*Data in this exercise*.
##############################

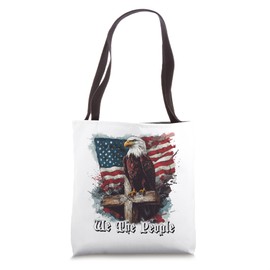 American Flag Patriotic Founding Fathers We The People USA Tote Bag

##############################

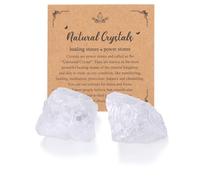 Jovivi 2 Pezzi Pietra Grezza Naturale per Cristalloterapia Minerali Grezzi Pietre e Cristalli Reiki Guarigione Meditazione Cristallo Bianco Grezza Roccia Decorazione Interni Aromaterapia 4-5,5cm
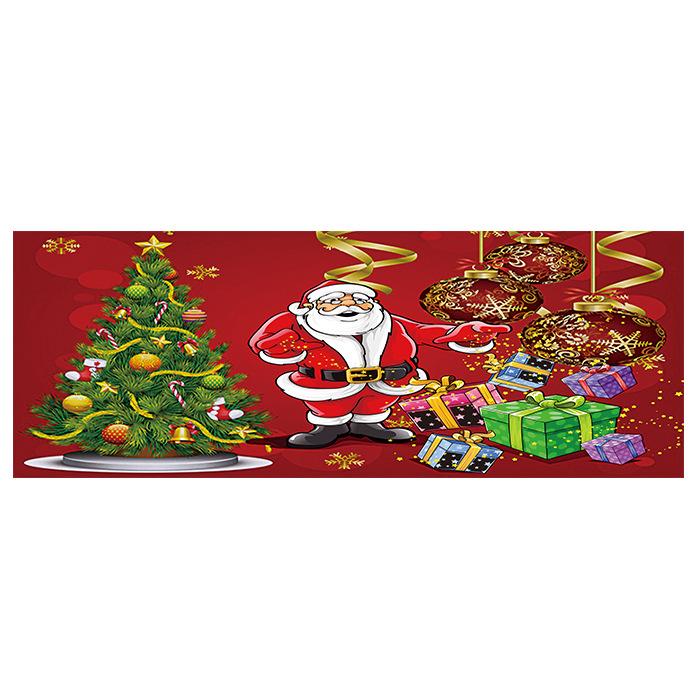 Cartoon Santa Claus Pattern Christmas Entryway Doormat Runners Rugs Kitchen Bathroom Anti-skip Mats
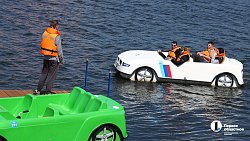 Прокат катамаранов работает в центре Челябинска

##############################

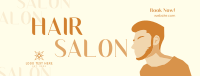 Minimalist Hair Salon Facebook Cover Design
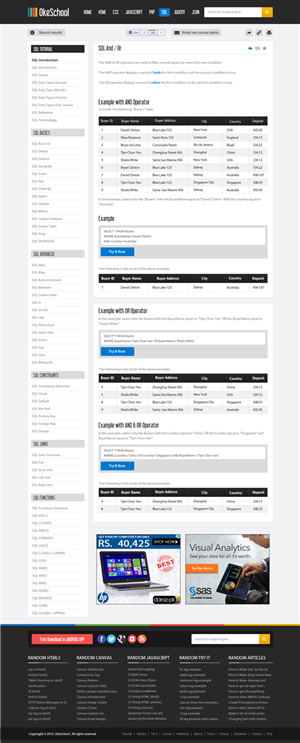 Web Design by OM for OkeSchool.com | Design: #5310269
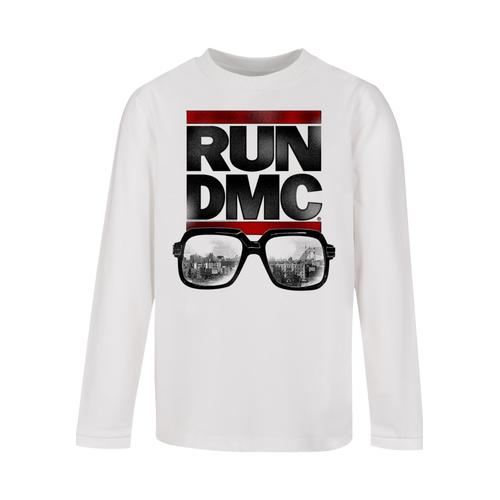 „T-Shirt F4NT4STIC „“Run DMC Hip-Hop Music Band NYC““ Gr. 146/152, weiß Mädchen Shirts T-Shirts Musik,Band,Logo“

##############################

*Your instructions*. Reproduce exactly, with no pictures, the lines above from the one holding "Web Design by" to the one holding "DMC Hip-Hop Music", inclusive.

*Answer section*.
 Web Design by OM for OkeSchool.com | Design: #5310269
 „T-Shirt F4NT4STIC „“Run DMC Hip-Hop Music Band NYC““ Gr. 146/152, weiß Mädchen Shirts T-Shirts Musik,Band,Logo“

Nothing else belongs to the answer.